Environmental education programs such as the Master Naturalist Program help to strengthen links between knowledge and action and promote community involvement in stewardship activities including research, education and activism. Graduates of the course monitor sea turtle nests, study painted buntings, explore the salt marsh with school groups, and lead community efforts to protect our coastline. They volunteer for stewardship activities such as beach sweep and river sweep. They are on hand to help the Reserve when we need assistance with education events or sampling for research projects.
Non-professional naturalists have a long history of contributing observations that help to inform conservation actions. Before science became a profession in the 19th century, amateur naturalists were collecting data on rainfall, bird behavior, and bloom times. They were describing in detail flowers, mushrooms, and sea creatures, conducting experiments in their gardens, and curating collections that would become the centerpieces of natural history museums.
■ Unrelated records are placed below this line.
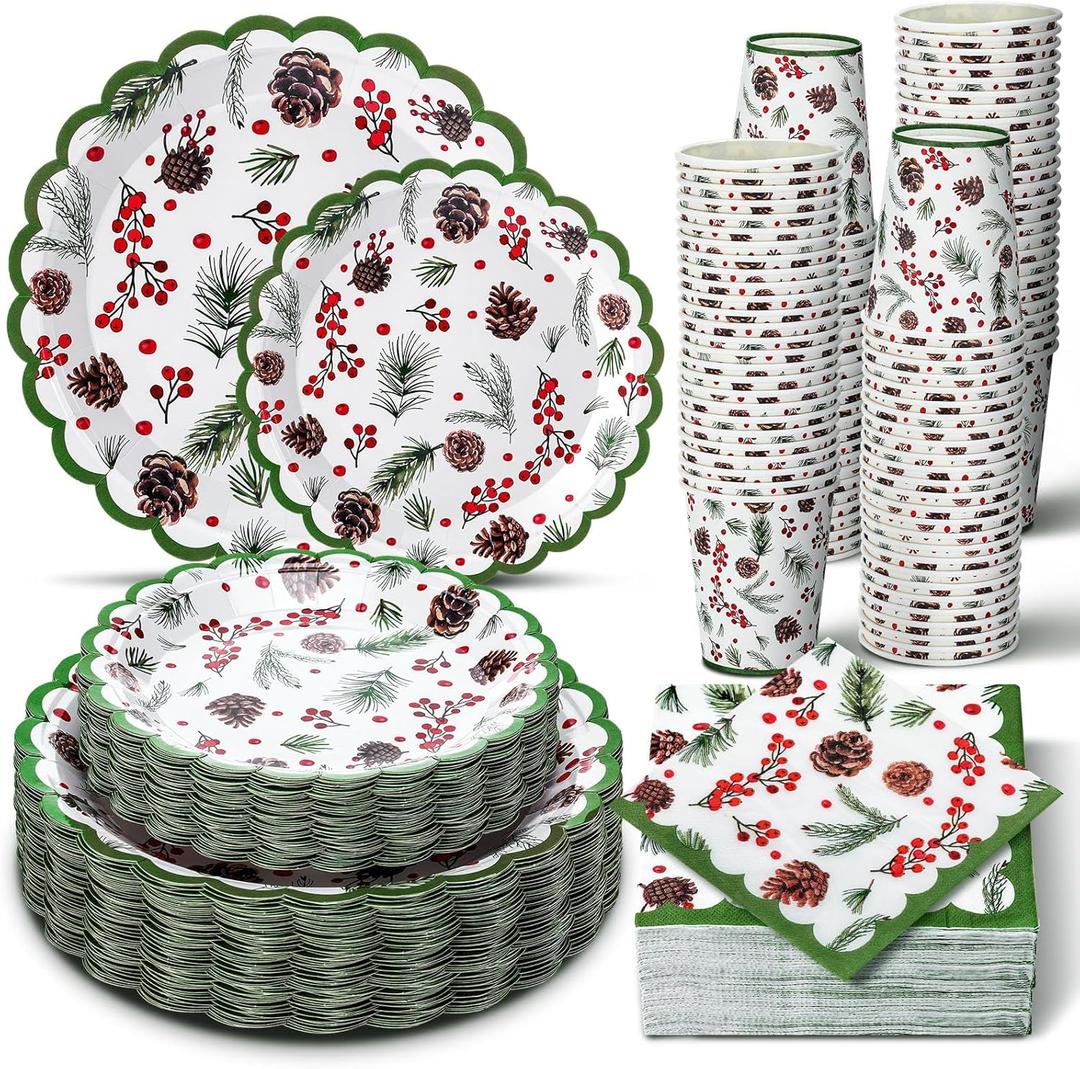 Domensi 250 Pcs Christmas Party Supplies Holly Leaf Berries Christmas Paper Plates and Napkins Cups Disposable Plates Napkins Tableware Set for 50 Guests for Xmas Winter Holiday Decoration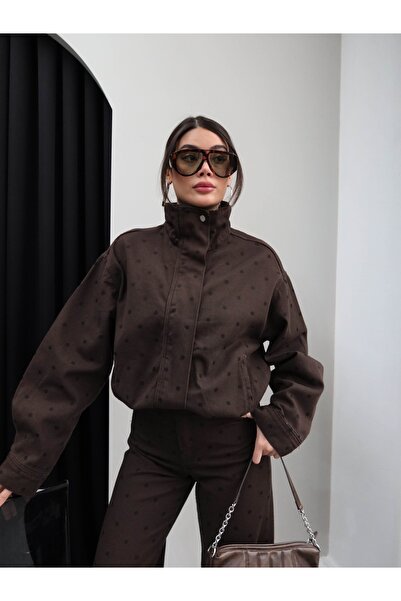 ESRAHELVACI Μπουφάν μπόμπερ με όρθιο γιακά και πουά σχέδιο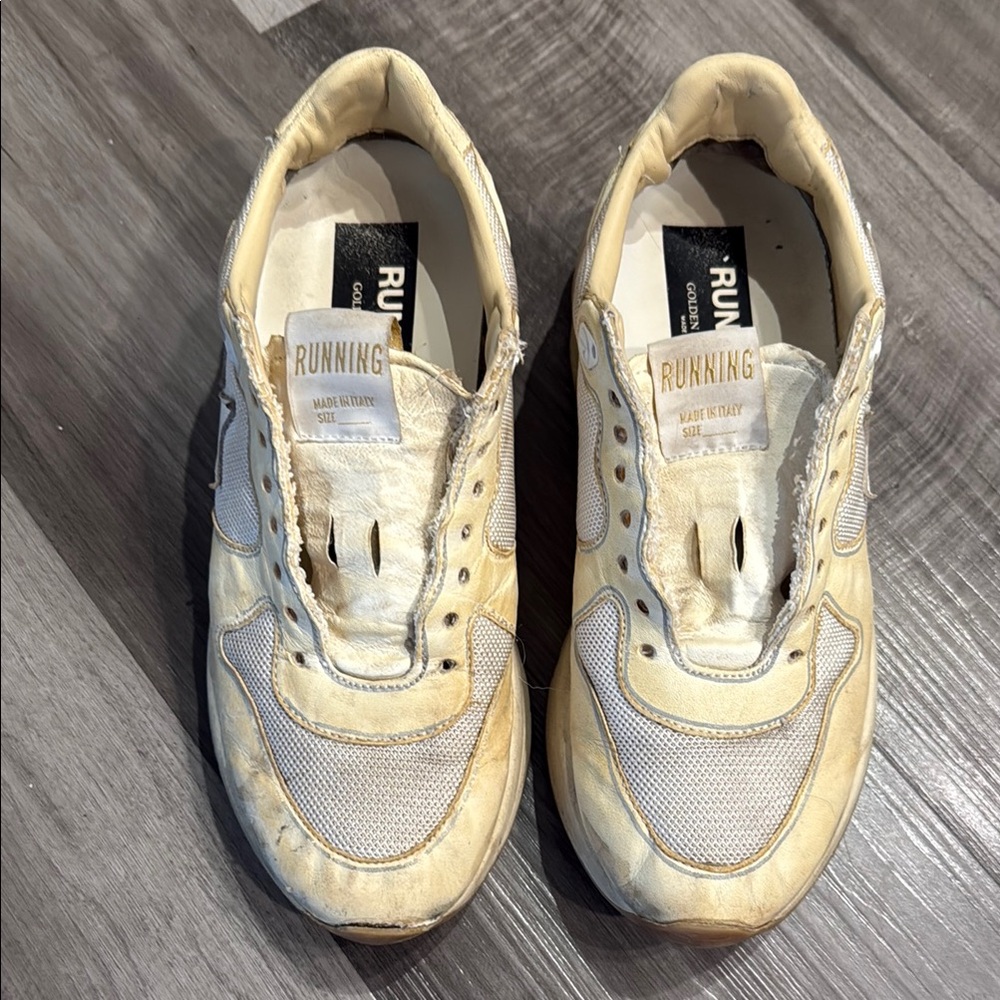 Golden Goose Cream Athletic Shoes Retro Style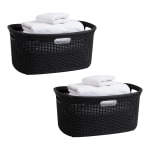 Mind Reader 40L Plastic Laundry Basket Clothes Hamper, 11in H x 14-1/2in W x 23in L, Black, Set of 2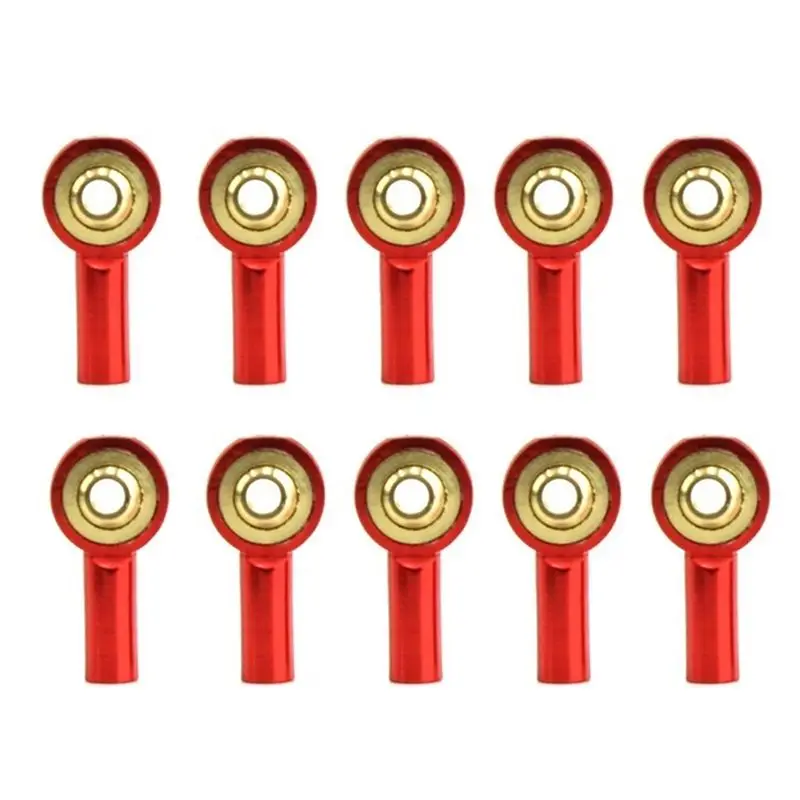 L79A 10Pcs Metal M2 Link Tie Rod End Ball Joint Buckle Steering Pushrod Tie Rod End for RC Car Boat Upgrade Parts,Red
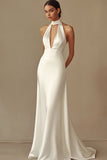 Sheath White Satin Long Rehearsal Dinner Dress Halter Backless Sleeveless Engagement Dress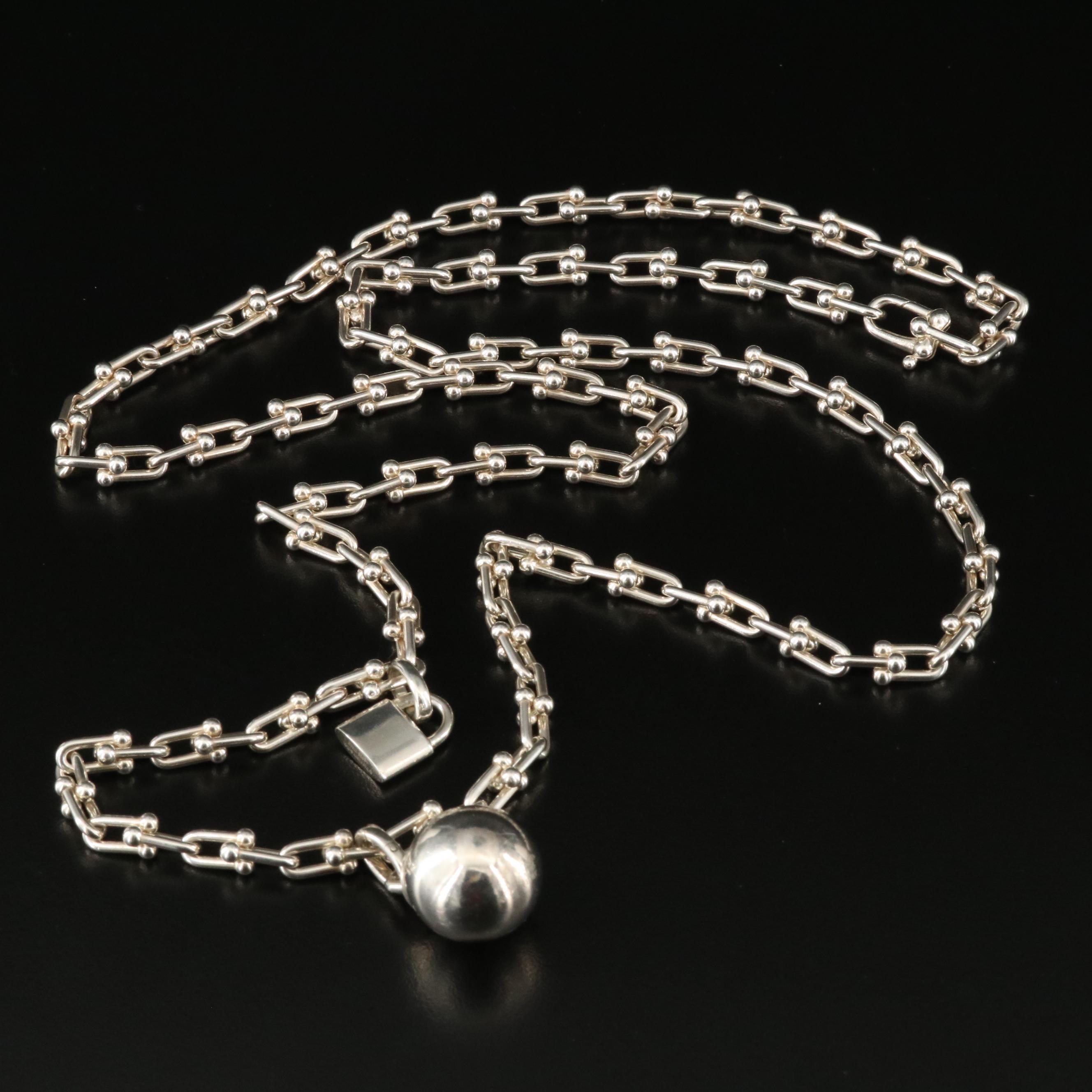 Tiffany & Co. "Hardware" Ball Sterling Wrap Necklace with Lock Charm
Over a century’s worth of data collected by volunteer observers during the Christmas Bird Count, a tradition begun by the Audubon Society in 1900, has provided researchers, conservation biologists, and wildlife agencies with vital information on the long-term health and status of bird populations across North America. And the trend continues; a recent study in Europe found non-professional taxonomists were responsible for more than 60 percent of new multicellular land and freshwater animal species descriptions from 1998 to 2007.
Having a corps of trained stewardship volunteers is becoming increasingly important in meeting the conservation challenges of our coast. Volunteer researchers and educators are providing critical services at a time when funding for these activities can be sparse. Additionally, participants in stewardship programs gain a deeper experience in understanding the issues and can become the best advocates for conservation actions in our community.